• [Description of the task] Restate, exactly as written, the entries below from the line that holds "Animal Fusion #ai​" through the line that holds "Apartamento, 2 quartos, 64 m² - Foto 5". Pictures are not part of the copy.

Entries shown section start

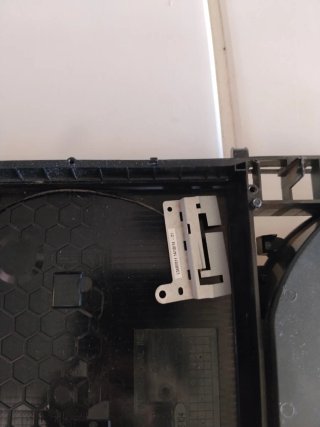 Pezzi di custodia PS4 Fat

Entries shown section end
Entries shown section start

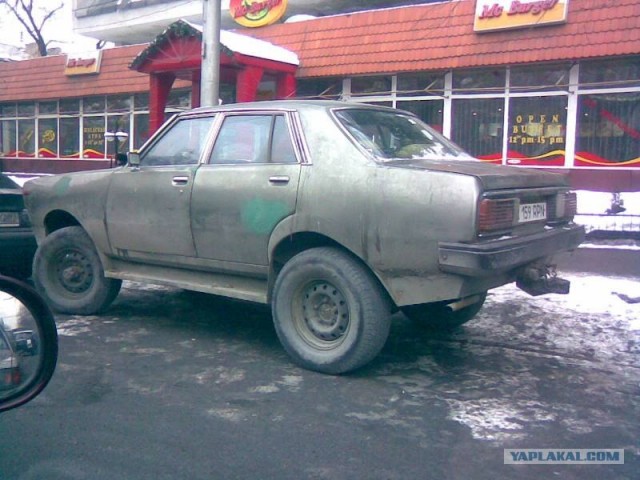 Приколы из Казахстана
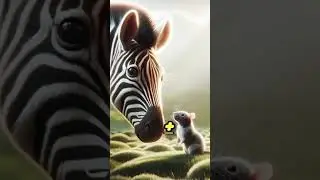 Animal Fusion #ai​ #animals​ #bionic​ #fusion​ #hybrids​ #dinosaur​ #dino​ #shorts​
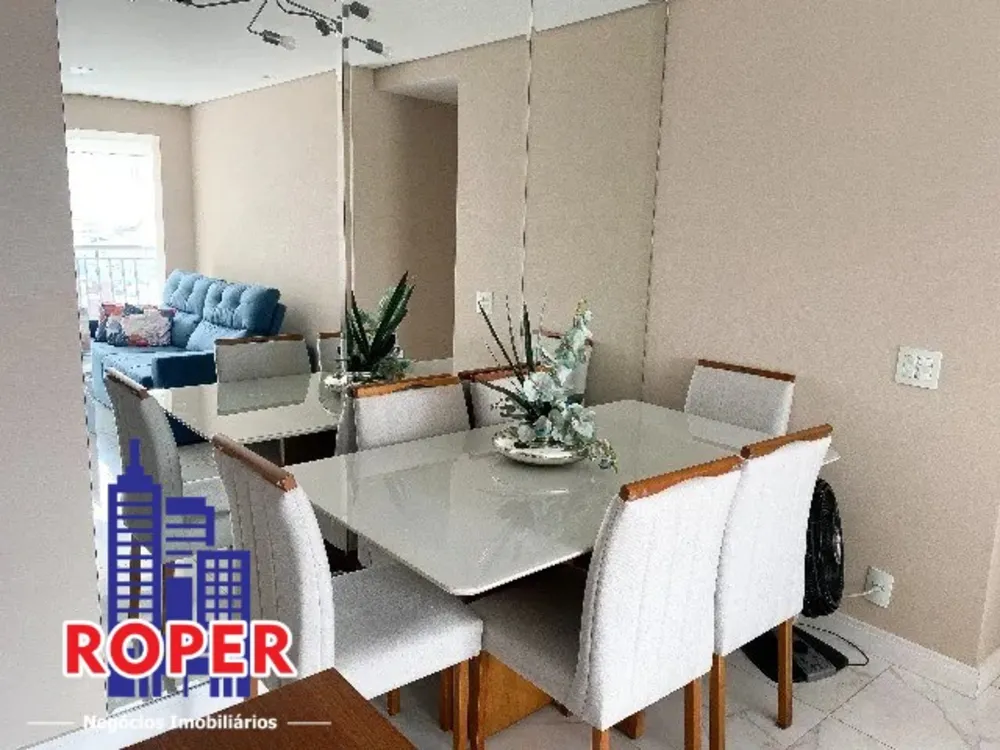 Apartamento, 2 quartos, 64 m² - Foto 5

Entries shown section end

• [Output]
 Animal Fusion #ai​ #animals​ #bionic​ #fusion​ #hybrids​ #dinosaur​ #dino​ #shorts​
 Apartamento, 2 quartos, 64 m² - Foto 5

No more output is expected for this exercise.